Does texting make you shallow? If you’re a frequent texter, are you also more likely to be a racist? Researchers at the University of Winnipeg just presented a study at the 2013 Society for Personality and Social Psychology (SPSP) meeting held in New Orleans that they said showed a link between heavy texting, racism, and being shallow.
According to their survey of 2,300 students that they followed for three years, “Those who texted more than 100 times a day were 30 per cent less likely to feel strongly that leading an ethical, principled life was important to them, in comparison to those who texted 50 times or less a day. Higher texting frequency was also consistently associated with higher levels of ethnic prejudice.”
One of the researchers, psychologist Paul Trapnell, said that they wanted to test a 2010 theory which suggested that what they called “ultra-brief” social media like text messages and Twitter would encourage people to become more shallow. They said that they proved that the very frequent use of that kind of media is definitely linked to being shallow and unreflective.
Maybe, but it isn’t entirely clear to this observer that the texting is to blame for the shallowness. It seems to me that the people who are drawn to leaving many brief text messages like OMG and CU — which rapidly add up to the supposedly frequent 100-plus messages a day — are drawn to that medium precisely because they’re already shallow.
Sometimes you just want to leave a quick OMG without getting involved in a deeply engaging warm and personal telephone discussion that lasts 30 minutes, right?

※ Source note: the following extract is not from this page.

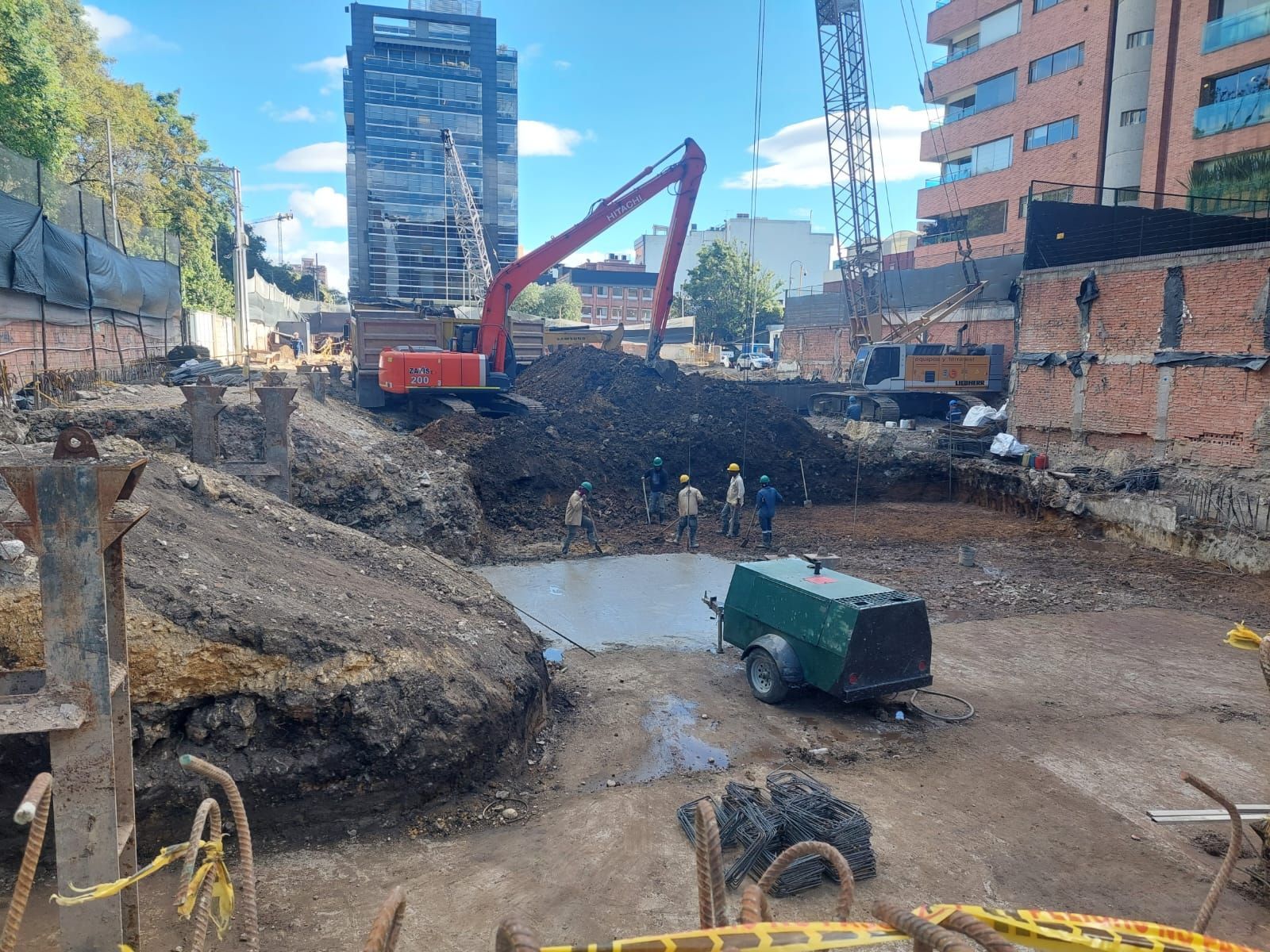 Una obra en construcción con mucha tierra y un edificio al fondo.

If you’re a frequent texter, you can’t catch a break. It’s bad enough that you’re widely viewed as an accident waiting to happen.
The parents of a 22-year-old college student recently released the last text message being written by their son (who was driving at the time) before he crashed and was killed on Apr. 3 near Greeley, CO. He died for a mundane scribble that his parents clearly didn’t think worth sending at the cost of his life:
“Sounds good my man, seeya soon, ill tw…”

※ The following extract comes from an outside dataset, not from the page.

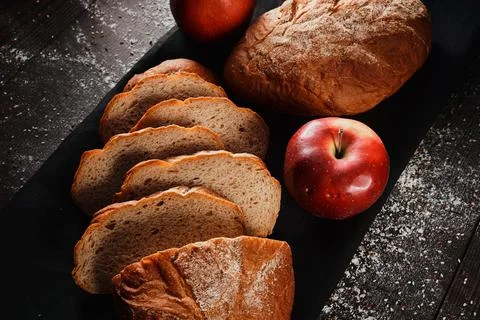 Assortment of baked bread from rye and wheat flour on black background. Top view Stock Photos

While young people catch most of the flack for texting, I can assure you that middle-aged adults are also perfectly capable of texting and driving. I think that’s how I got rear-ended recently. The culprit sheepishly admitted to being distracted, and I’m reasonably sure he was conducting business on the phone when he slammed me.
A study published in late March said that almost half of all adults text and drive, a stunning 49 percent, while teens were still guilty of a pretty amazing 43 percent.
Heck, some people apparently even fly and text. According to a National Transportation Safety Board report, a 2011 helicopter crash that killed five people was caused at least in part because the overworked and distracted 34-year-old pilot was too busy exchanging 20 personal text messages to keep his eyes on the skies.
Now, with the new report that heavy texting is linked to being shallow, the highly addictive activity is once again more-or-less accused of being something for the Darwin Award winners.
Will the thought of being perceived as shallow stop you from texting? Me neither. I’ll try to avoid texting while piloting helicopters and driving motor vehicles, but there’s a limit.
If texting makes me shallow, I don’t wanna be deep.